Implementation #
Bzip2 uses several layers of compression techniques stacked on top of each other, which occur in the following order during compression and the reverse order during decompression:
- Run-length encoding (RLE) of initial data.
- Burrows–Wheeler transform (BWT), or block sorting.
- Move-to-front (MTF) transform.
- Run-length encoding (RLE) of MTF result.
- Huffman coding.
- Selection between multiple Huffman tables.
- Unary base-1 encoding of Huffman table selection.
- Delta encoding (Δ) of Huffman-code bit lengths.
- Sparse bit array showing which symbols are used.
RLE #
12W1B12W3B24W1B14W -> twelve Ws, one B etc.
Burrows-Wheeler Transform #
BWT, block-sorting compression. Rearranges a character string into runs of similar characters. This transformation is reversible.
Input SIX.MIXED.PIXIES.SIFT.SIXTY.PIXIE.DUST.BOXES
Output TEXYDST.E.IXIXIXXSSMPPS.B..E.S.EUSFXDIIOIIIT
The output is easier to compress because it has many repeated characters. In this example the transformed string contains six runs of identical characters: XX
, SS
, PP
, ..
, II
, and III
, which together make 13 out of the 44 characters.

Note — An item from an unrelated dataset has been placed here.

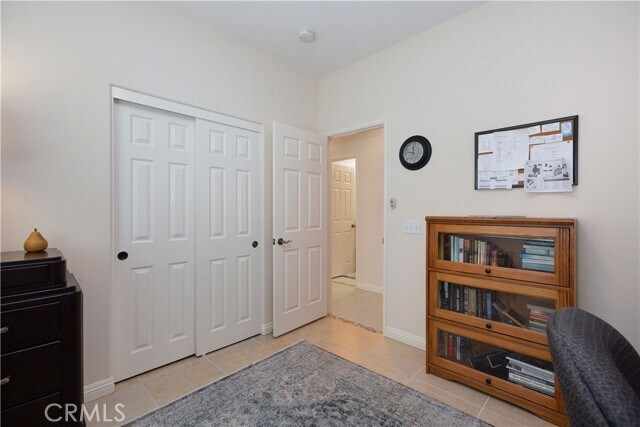 Building Photo - 7397 Village Way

The transform is done by sorting all the circular shifts of a text in lexicographic order and by extracting the last column and the index of the original string in the set of sorted permutations of S.
Example #
S = ^BANANA|
, where ^
denotes the start of the string and |
is the EOF
pointer.
BWT: Step 1 #
Rotate N times, N = 8 (S length).
^BANANA|
|^BANANA
A|^BANAN
NA|^BANA
ANA|^BAN
NANA|^BA
ANANA|^B
BANANA|^
BWT: Step 2 #
These rotations, or circular shifts, are then sorted lexicographically.
ANANA|^B
ANA|^BAN
A|^BANAN
BANANA|^
NANA|^BA
NA|^BANA
^BANANA|
|^BANANA
BWT: Step 3 #
The output of the encoding phase is the last column L = BNN^AA|A
, and the index (0-based) I of the row containing the original string S, in this case I = 6.
ANANA|^B
ANA|^BAN
A|^BANAN
BANANA|^
NANA|^BA
NA|^BANA
^BANANA|
|^BANANA
BWT Example: Result #
Input: ^BANANA|
Output: BNN^AA|A
BWT: Pseudocode #
Simple but inefficient.
function BWT (string s)
create a table, where the rows are all possible rotations of s
sort rows alphabetically
return (last column of the table)
function inverseBWT (string s)
create empty table
repeat length(s) times
// first insert creates first column
insert s as a column of table before first column of the table
sort rows of the table alphabetically
return (row that ends with the 'EOF' character)